Assim como a peça, o romance de Dorfman também tem uma estrutura dramática que privilegia a intriga e as reviravoltas teatrais, uma estrutura feita de diálogos que expõem uma parábola política: a ambiguidade do poder se manifestando em relações pessoais, de dependência e de confiança, em manipulações em que não se sabe mais quem é o algoz e quem é a vítima.
Em "A Morte e a Donzela", uma ex-presa política, traumatizada e recolhida com o marido a uma casa de praia, passa de vítima a torturadora ao reconhecer no sujeito que agora vem bater à sua porta, por acaso, no meio da noite, pedindo ajuda porque um pneu furou, o homem que a havia torturado anos antes.
Em "Konfidenz", uma fotógrafa alemã chega a Paris meses antes da invasão nazista, em 1939, para se encontrar com o namorado, um resistente alemão refugiado na França. Ao entrar no quarto do hotel, recebe o telefonema de um estranho que lhe revela que o namorado corre perigo de vida. Entre desconfiança e sedução, os dois passam nove horas conversando ao telefone, até serem interrompidos pela polícia.
Ariel Dorfman, 57, nasceu na Argentina e é cidadão chileno, mas sua formação é americana, como fica claro em seu livro de memórias "Uma Vida em Trânsito". Em 1973, exilou-se nos Estados Unidos. Hoje é professor na prestigiosa Duke University e milita a favor dos direitos humanos. É interessante, a julgar pelo caso desse autor, notar que espécie de literatura latino-americana é possível hoje aos olhos de um mercado dominado pelo "modelo de cotas" americano.
Na contracapa da edição brasileira de "Konfidenz", Salman Rushdie diz que Dorfman é "uma das vozes mais importantes da América Latina". O romance latino-americano parece ter encontrado afinal uma imagem internacional para substituir o exotismo fácil e desgastado do realismo mágico que, aliás, o próprio Rushdie professa.
Os clichês políticos do continente servem agora de base para a busca de uma eficiência dramatúrgica em que a forma é uma fórmula de sobressaltos teatrais: o romance reduzido a mero roteiro de cinema.

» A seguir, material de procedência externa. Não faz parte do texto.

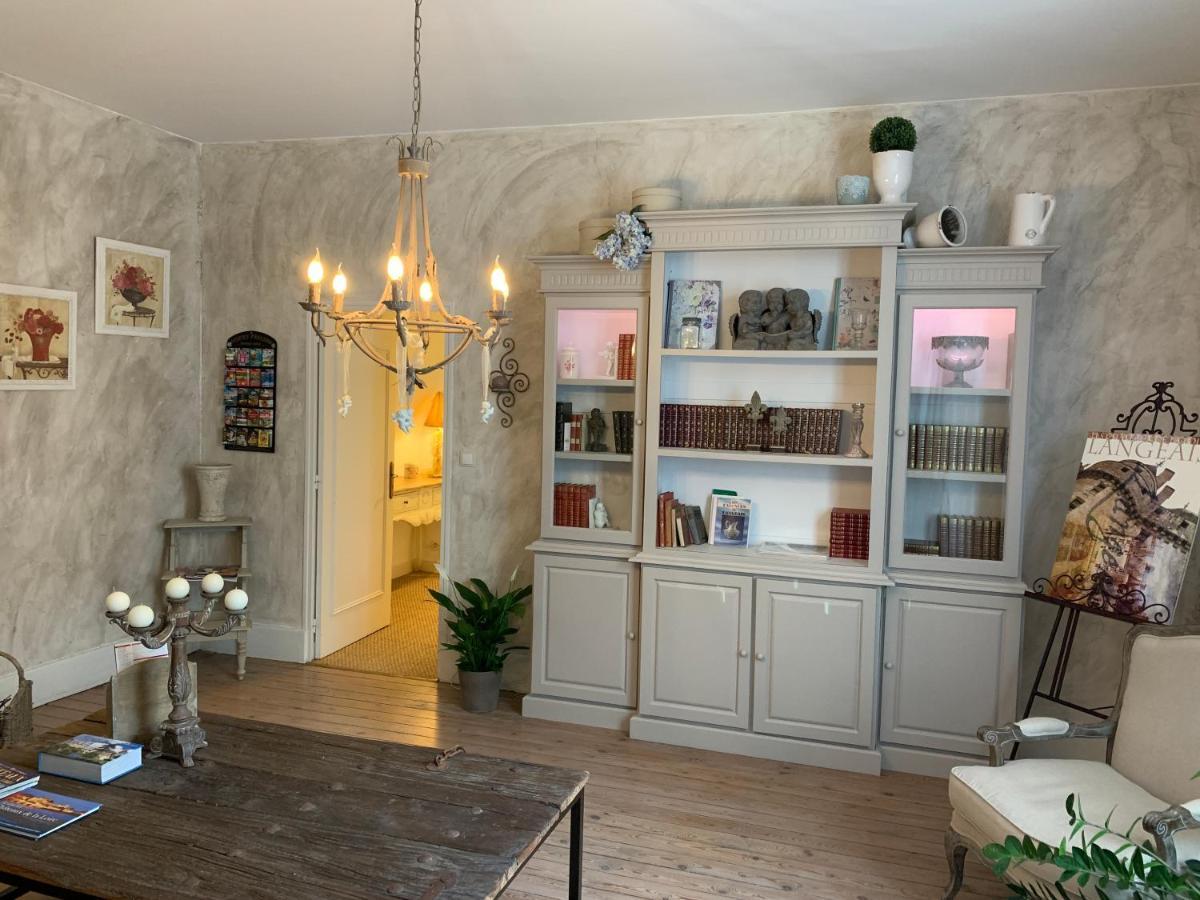 L'Ange Est Reveur Bed & Breakfast ลองเฌส์ ภายนอก รูปภาพ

É esse mesmo parâmetro literário, essa perspectiva da eficiência dramatúrgica, que permite, por exemplo, ao roteirista de Kubrick em "De Olhos Bem Fechados" afirmar, na maior cara-de-pau, que a pequena obra-prima de Arthur Schnitzler, "Traumnovelle" (1926), em que se baseou a adaptação do filme, é um livro "muito literário" e "pouco convincente", porque "não há muita progressão".
Perdeu-se a idéia da arte como resistência às regras, invenção de novos horizontes. Reduzida a meio e mensagem, a ela só resta se adaptar à norma de uma eficiência de comunicação.
"Konfidenz" é uma tentativa de cumprir as expectativas dos novos tempos. Mas o mais engraçado é que nem mesmo pelos critérios dessa eficiência dramatúrgica o romance consegue escapar ileso. Comparado a "A Morte e a Donzela", por exemplo, "Konfidenz" é, como poderia dizer o roteirista de Kubrick, e dessa vez com propriedade, "pouco convincente".


Avaliação:   


Livro: Konfidenz Autor: Ariel Dorfman Tradução: Marcos de Castro Lançamento: Record Quanto: R$ 20 (174 págs.)